Roma – La Camera ha dato il via libera definitivo alla riforma costituzionale sulla separazione delle carriere della magistratura, approvandola in terza lettura con 243 voti favorevoli e 109 contrari. Il provvedimento, bandiera del governo Meloni e del ministro della Giustizia Nordio, ha raggiunto la maggioranza assoluta necessaria per proseguire l’iter, ma non quella dei due terzi che avrebbe evitato il referendum confermativo.
Il voto si è concluso tra le tensioni, con una bagarre scoppiata dopo che alcuni membri del governo hanno applaudito l’esito. La capogruppo del Pd Chiara Braga ha criticato aspramente il comportamento dell’esecutivo, scatenando la protesta delle opposizioni che si sono avvicinate ai banchi governativi. Il presidente di turno Sergio Costa ha dovuto sospendere brevemente la seduta per riportare la calma.
La riforma prevede una profonda trasformazione dell’assetto giudiziario italiano. L’attuale magistratura rimarrà “un ordine autonomo e indipendente”, ma sarà composta da due carriere distinte: quella giudicante per i giudici e quella requirente per i pubblici ministeri. Al posto dell’attuale Consiglio Superiore della Magistratura nasceranno due organi separati, entrambi presieduti dal Presidente della Repubblica.
I componenti dei due nuovi Csm non saranno più eletti ma estratti a sorte: un terzo sarà formato da membri laici sorteggiati da elenchi parlamentari, due terzi da togati sorteggiati tra tutti i magistrati con i requisiti stabiliti da una legge ordinaria. Il mandato durerà quattro anni senza possibilità di partecipare al sorteggio successivo.
La riforma istituisce inoltre un’Alta Corte Disciplinare composta da 15 membri per sostituire l’attuale Sezione disciplinare del Csm. Sarà formata da 3 membri nominati dal Presidente della Repubblica, 3 estratti da elenchi parlamentari di giuristi, 6 sorteggiati tra i magistrati giudicanti e 3 tra quelli requirenti, tutti con almeno vent’anni di servizio ed esperienza in Cassazione. Le sentenze disciplinari saranno appellabili solo davanti alla stessa Corte in composizione diversa, senza ricorso in Cassazione.
Il provvedimento passa ora al Senato per l’approvazione definitiva, che non potrà avvenire prima del 22 ottobre per rispettare l’intervallo costituzionale di tre mesi. Il sottosegretario Francesco Paolo Sisto auspica il via libera prima della sessione di bilancio. Successivamente, se richiesto da un quinto dei parlamentari, cinquecentomila elettori o cinque Consigli regionali, si terrà il referendum confermativo, presumibilmente nella primavera 2026.
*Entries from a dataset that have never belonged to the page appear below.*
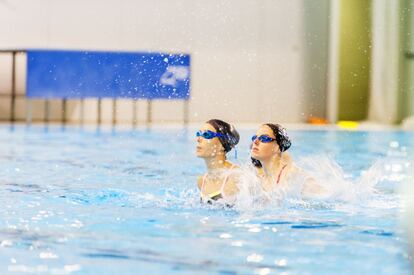 CAR Sant Cugat del Vaslles. Entrenamiento de la selección española de natación sincronizada con vistas al mundial de Kazan 2015. Onda Carbonell y Paula Klamburg-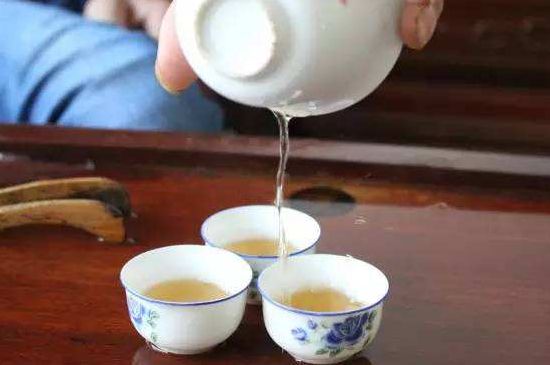 鴨屎香單叢雪片茶的特點(diǎn)，鳳凰雪片茶有什么特點(diǎn)？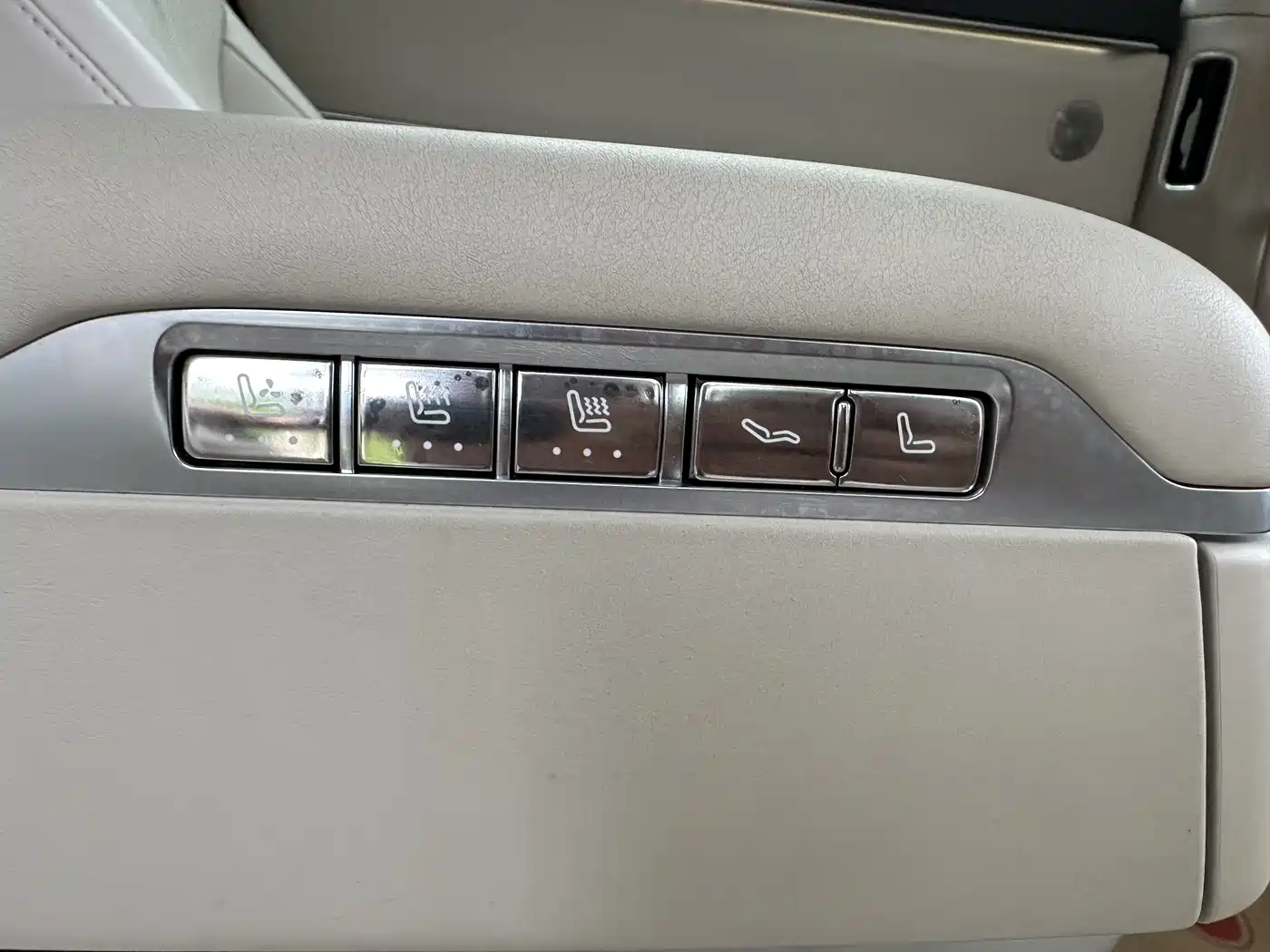 AITO Wenjie AITO M8 2025 Extended Range Ultra 53.4kWh 6-Seater фото 17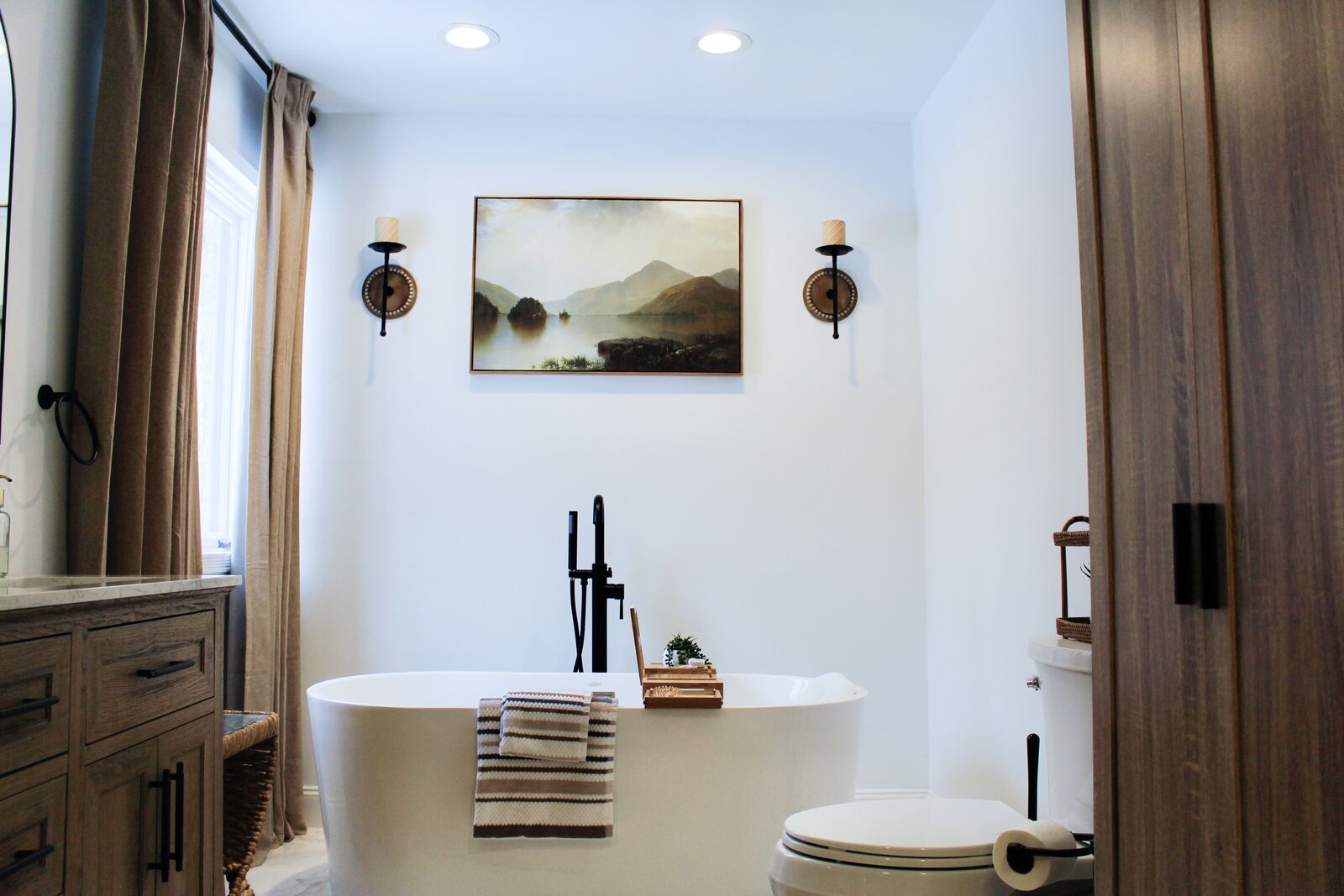 Primary bath with freestanding soaking tub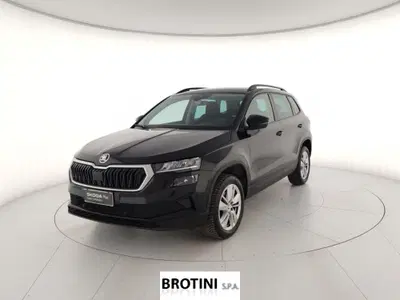 Skoda Karoq 1.0 tsi Executive 115cv del 2024 usata a Massa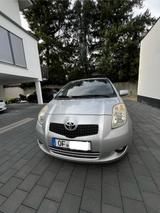 Toyota Yaris 1,3-l-VVT-i Cool Cool - Toyota Yaris Gebrauchtwagen in Frankfurt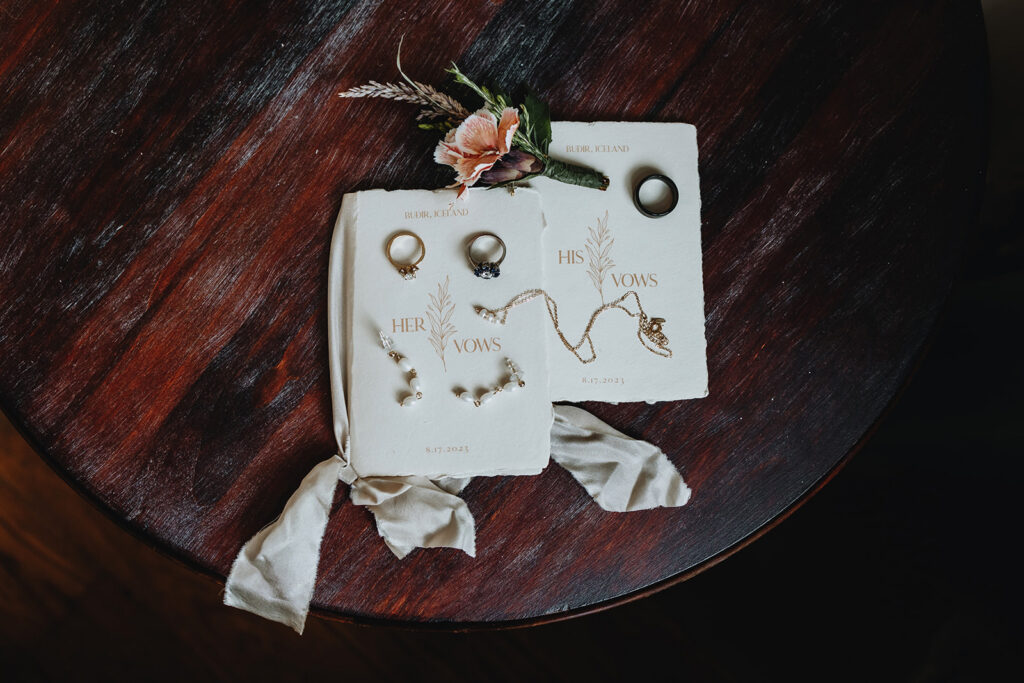 Vow booklets and a borrowed family ring at Hotel Búðir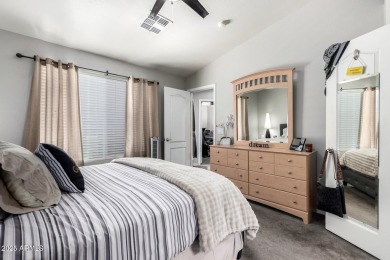 Come and see this charming 3-bed, 2-bath patio home in Desert on The Foothills Golf Club in Arizona - for sale on GolfHomes.com, golf home, golf lot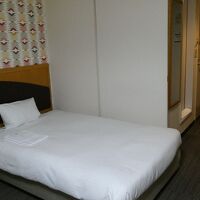 部屋。ツイン。もう一つのベッドは撮りきれませんでした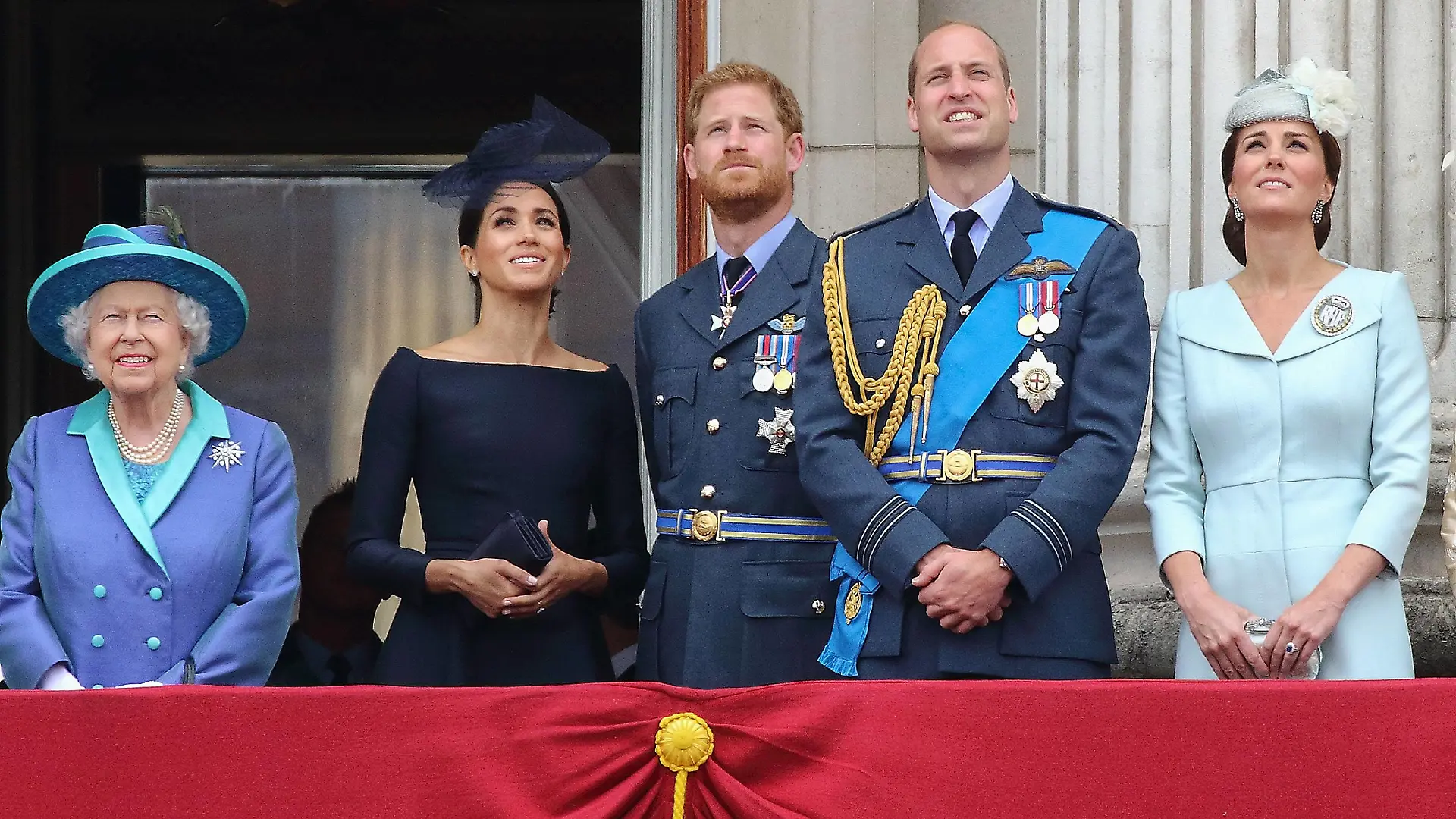 Queen Elizabeth II, Prinz Harry, Duke of Sussex und seine Ehefrau Meghan, Duchess of Sussex und Prinz William, Duke of Cambridge und seine Ehefrau Catherine, Duchess of Cambridge bei der Feier zum 100. Geburtstag der Royal Air Force am 10.07.2018 am Buckingham Palace in London 100th Anniversary of the Royal Air Force at Buckingham Palace in London, 2018 *** Queen Elizabeth II Prince Harry Duke of Sussex and his wife Meghan Duchess of Sussex and Prince William Duke of Cambridge and his wife Catherine Duchess of Cambridge at the 100th anniversary of the Royal Air Force on 10th 07 2018 at Buckingham Palace in London 100th Anniversary of The Royal Air Force at Buckingham Palace in London 2018 PUBLICATIONxINxGERxSUIxAUTxONLY  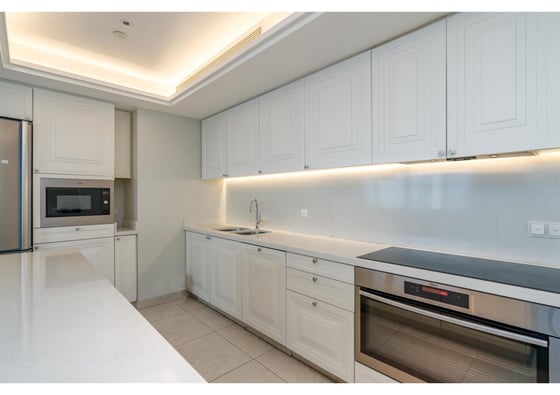 Luxurious | Panoramic Skyline Views | Penthouse, picture 20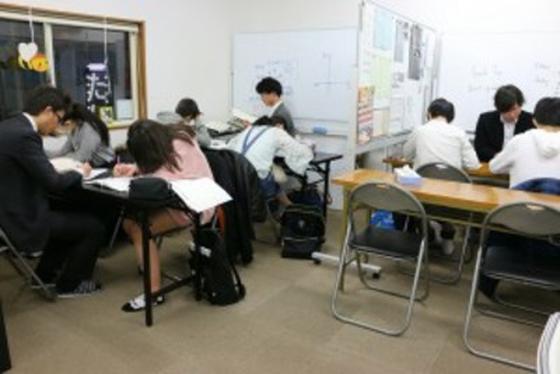 栄進数理進学会 赤羽校のアルバイト写真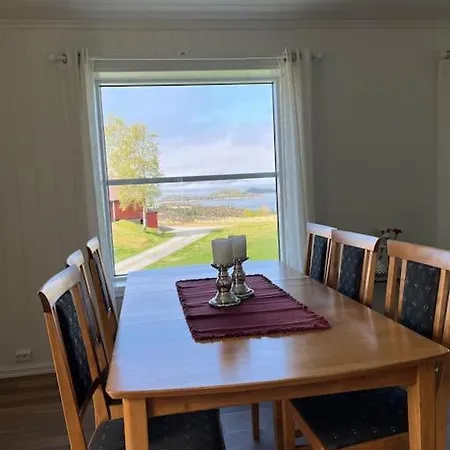 Og Naust I Idylliske Omstendigheter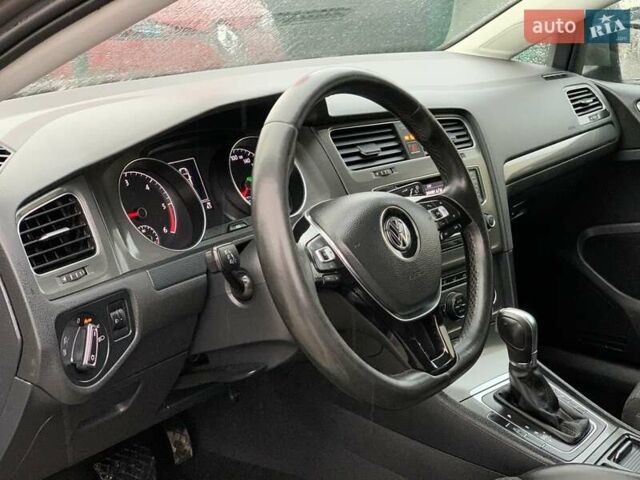 Серый Фольксваген Гольф, объемом двигателя 2 л и пробегом 273 тыс. км за 13499 $, фото 23 на Automoto.ua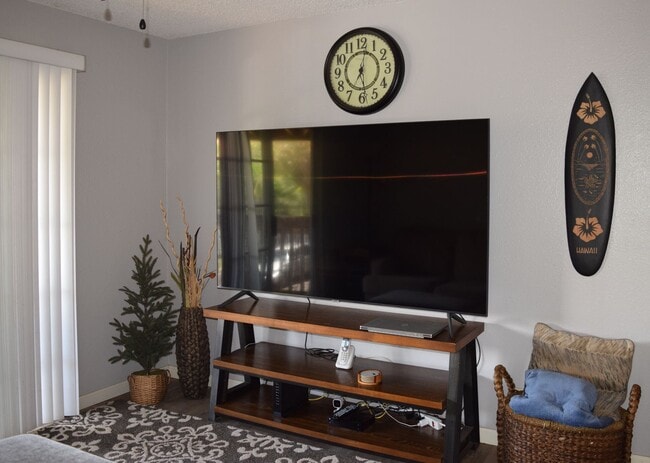 Building Photo - Fully Remodeled & Furnished Kihei Villages Upstairs Unit. Available June 1st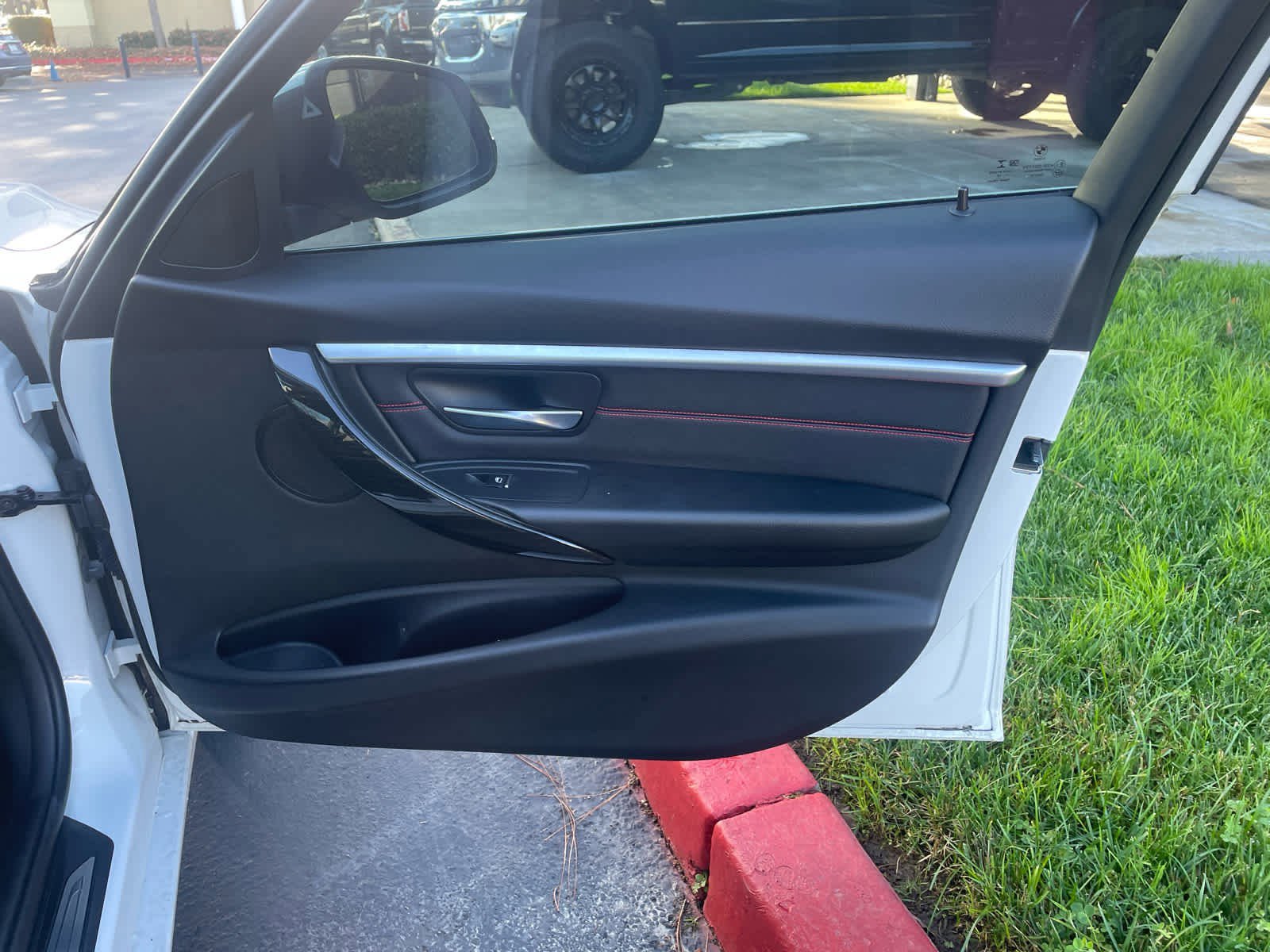 Used 2018 BMW 330i Sedan w/ Convenience Package image 14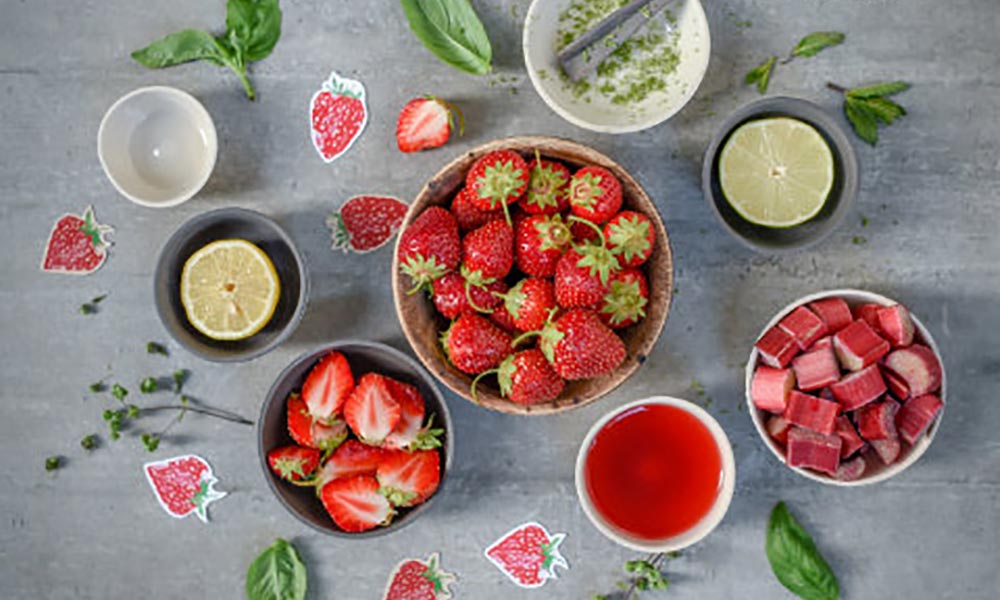 Strawberry-Rhubarb-Basil Lemonade, Boissons et cocktails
Le opposizioni si preparano alla battaglia referendaria. “Continueremo a batterci perché al referendum prevalgano i no alla vostra arroganza”, ha dichiarato la segretaria del Pd Elly Schlein, mentre dal M5s Alfonso Colucci annuncia: “Troverete noi nelle piazze, con la gente, nelle università, nei convegni, per spiegare le ragioni del no”. Anche Avs promette mobilitazione con Elisabetta Piccolotti che afferma: “Saranno i cittadini a difendere la Costituzione”.